Catherine Herridge Blasts CBS, Reveals Shocking Details of Firing and Seized Files

Catherine Herridge, as we reported previously, was to testify before the House Judiciary Committee regarding her dismissal from CBS, their seizure of her files, and what she worked on.

She testified on Thursday and noted how the Press Act protects investigative journalists like her, allowing them to perform their duties without government interference.

Herridge said that being in contempt for refusing to give up her sources put her in financial and legal danger, and she faces “crippling penalties of up $800 per day.” She seemed to be more worried about the possibility of a slippery slope than she was herself. She said that given the nature of our nation and our press rights, this shouldn’t be happening. She expressed her hope that she would be the last journalist to have to endure what she has had to do for the past two years, fighting to protect sources.

Herridge stated that this could have a “crippling impact on investigative journalism.”

Herridge said, “I fear that investigative journalism will die if we don’t use confidential sources.”

Herridge said that her experience “gave [her] clarity.” She went on to describe what happened when she was terminated. CBS News locked me out and confiscated hundreds of pages from my reporting files including confidential sources.

She claimed that “multiple” sources told her they could be exposed if she worked with them to expose “government corruption”. She pushed back, and with the help of SAG-AFTRA, the records were returned. Herridge stated that CBS’s actions “crossed the red line,” and “should never be done again.”

Herridge noted that Fox has supported her in her legal battle, and she emphasized how rare it is to receive support from a former employer.

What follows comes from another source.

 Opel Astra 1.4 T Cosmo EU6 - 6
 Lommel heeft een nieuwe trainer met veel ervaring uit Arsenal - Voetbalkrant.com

Jim Jordan, the chair of the House Judiciary Committee (R-OH), asked Herridge and Sharyl Atkisson questions about their experiences when investigating government.

Jordan asked Herridge how she investigated the Biden Team. He told Herridge that she had reported on the Hunter Biden laptop, among other things. She said she “reported facts.”

Then he asked her why she was terminated. She is a journalist who has won many awards. She pointed out that she had been locked out not only of her office but also of her email. She admitted that this was not the norm.

She said, “When Walter Cronkite’s network seizes your files of reporting including confidential sources information, this is an attack on investigative journalists.” She claimed that she felt “raped” when her files were taken.

Jordan commented on how frightening it is that this happened when Herridge and Atkisson worked on stories critical of the government. Jordan stated that if retaliation was allowed, whether by the government, or media organizations, then journalism would also be dead.

Herridge told the story of the conversation she had with her son when Harriet Hageman, R-WY, asked a question.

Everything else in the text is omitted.